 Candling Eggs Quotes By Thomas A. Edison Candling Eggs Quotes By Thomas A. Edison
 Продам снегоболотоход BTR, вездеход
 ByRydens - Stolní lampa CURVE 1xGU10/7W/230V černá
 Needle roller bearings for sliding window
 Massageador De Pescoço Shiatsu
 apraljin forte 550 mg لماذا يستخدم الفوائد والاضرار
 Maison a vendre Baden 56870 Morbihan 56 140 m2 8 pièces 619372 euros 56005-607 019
...
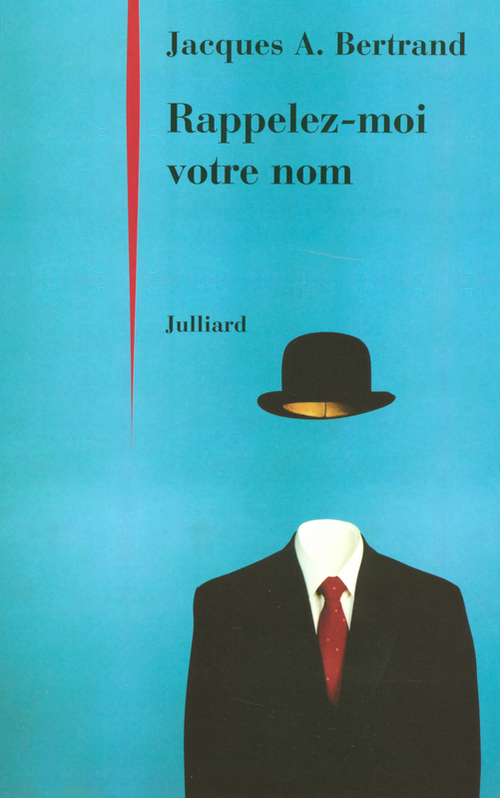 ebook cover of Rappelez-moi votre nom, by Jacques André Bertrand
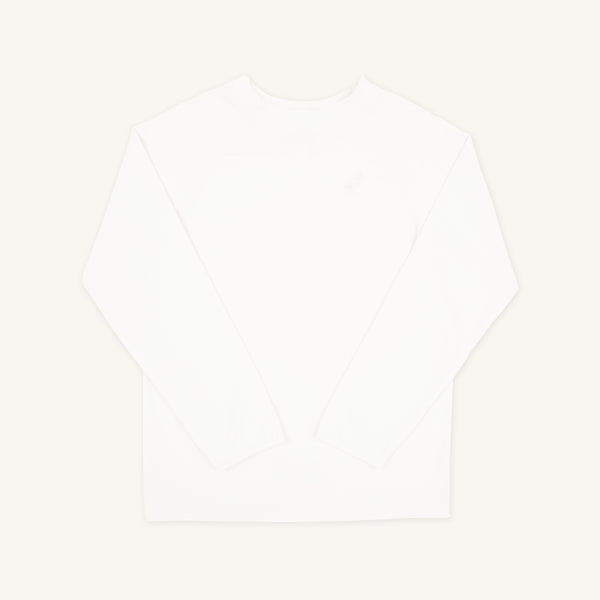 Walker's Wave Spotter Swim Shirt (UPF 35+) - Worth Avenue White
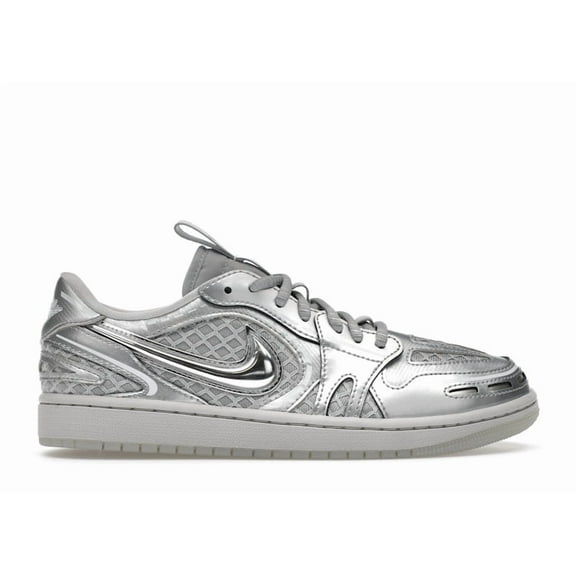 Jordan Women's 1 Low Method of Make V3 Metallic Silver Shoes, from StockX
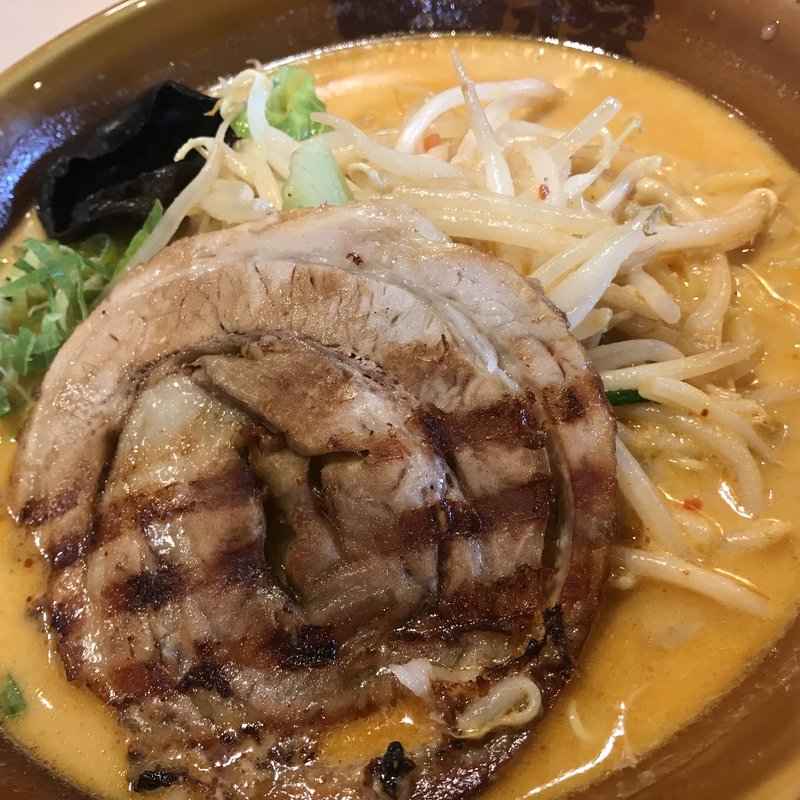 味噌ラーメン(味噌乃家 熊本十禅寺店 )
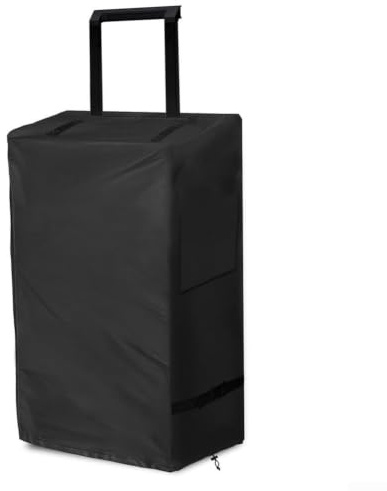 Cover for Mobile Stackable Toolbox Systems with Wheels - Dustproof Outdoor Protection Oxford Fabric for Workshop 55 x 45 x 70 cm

#### [Work request]
Although pictures appear among the records above, write out exactly only the lines from the one that has "味噌ラーメン(味噌乃家 熊本十禅寺店 )" through the one that has "Cover for Mobile", and leave the pictures out.

#### [Response]
 味噌ラーメン(味噌乃家 熊本十禅寺店 )
 Cover for Mobile Stackable Toolbox Systems with Wheels - Dustproof Outdoor Protection Oxford Fabric for Workshop 55 x 45 x 70 cm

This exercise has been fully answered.